I recently had to get the last set status for certain items, labeled with ids. I found this answer: Python : How can I get Rows which have the max value of the group to which they belong?
To my surprise on a dataset with only ~2e6 rows it was fairly slow. However I do not need to get all max values, only the last one.
import numpy as np
import pandas as pd
df = pd.DataFrame({
"id": np.random.randint(1, 1000, size=5000),
"status": np.random.randint(1, 10, size=5000),
"date": [
time.strftime("%Y-%m-%d", time.localtime(time.time() - x))
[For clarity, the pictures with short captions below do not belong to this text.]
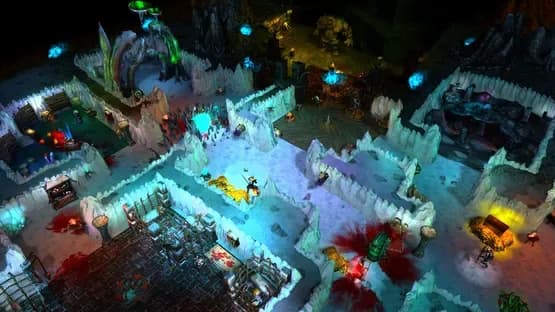 Dungeons: The Dark Lord - Steam Special Edition — Screenshoty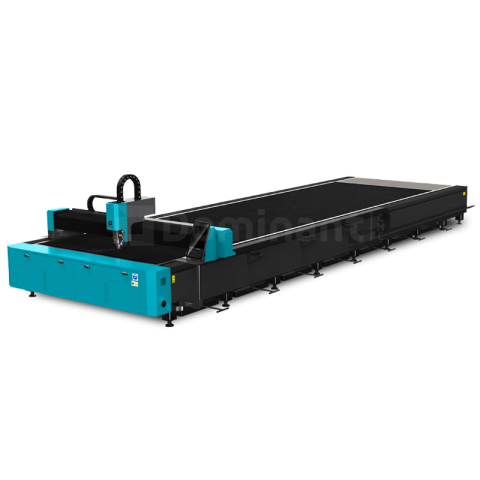 ADLT 1560 CNC Fiber Laser Metal Cutting Machine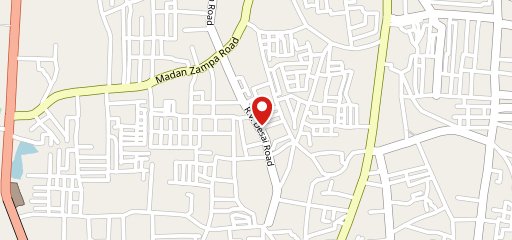 Maa Ashapura Khana Khazana on map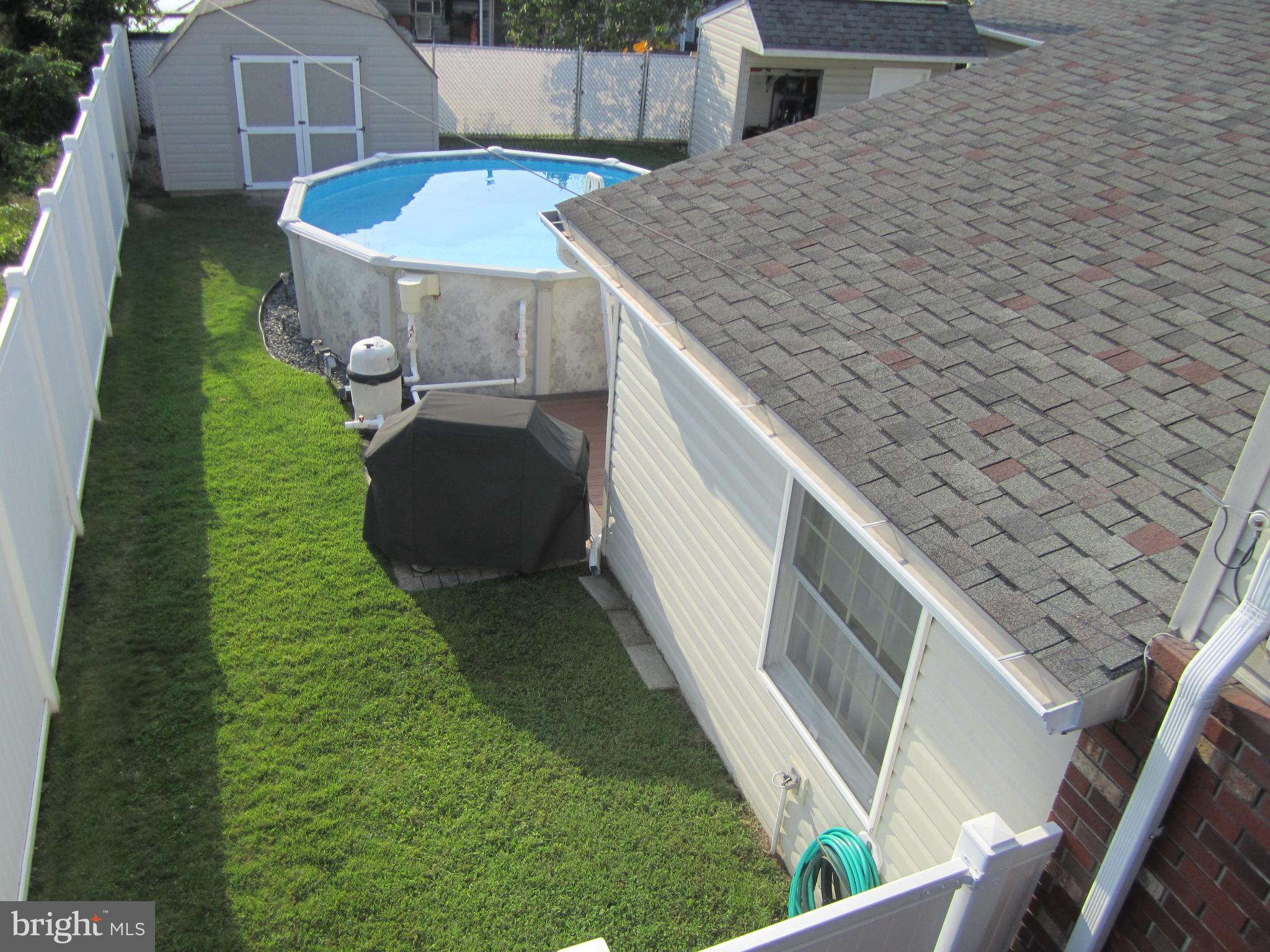 MUNROE GARDENS - Residential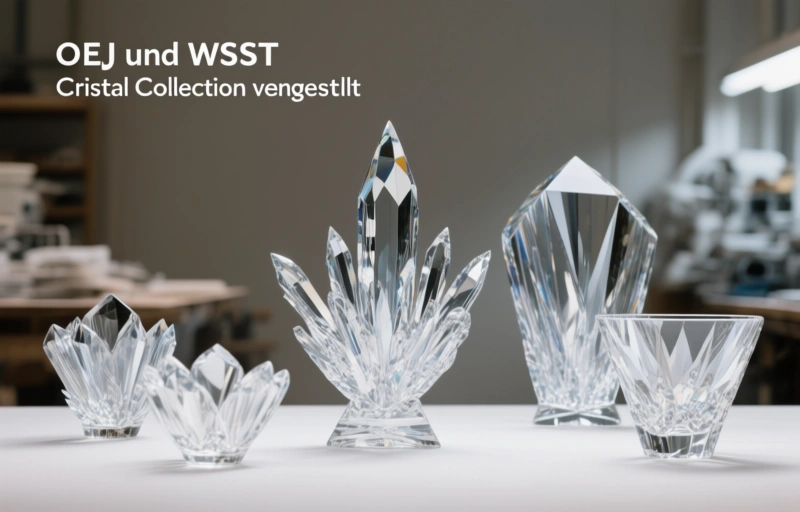 Visuelle Darstellung von OEJ und WSST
for x in np.random.randint(-5e7, 5e7, size=5000)
],
})
%timeit df.groupby('id').apply(lambda t: t[t.date==t.date.max()])
1 loops, best of 3: 576 ms per loop
%timeit df.reindex(df.sort_values(["date"], ascending=False)["id"].drop_duplicates().index)
100 loops, best of 3: 4.82 ms per loop
The first one was the solution I found in the link, which seems a way which allows more complex operations.
However for my issue I could sort and drop duplicates and reindex, which performs a lot better. Especially on larger data sets this really makes a difference.
My Questions: are there other ways to achieve what I want to do? Possibly with even better performance?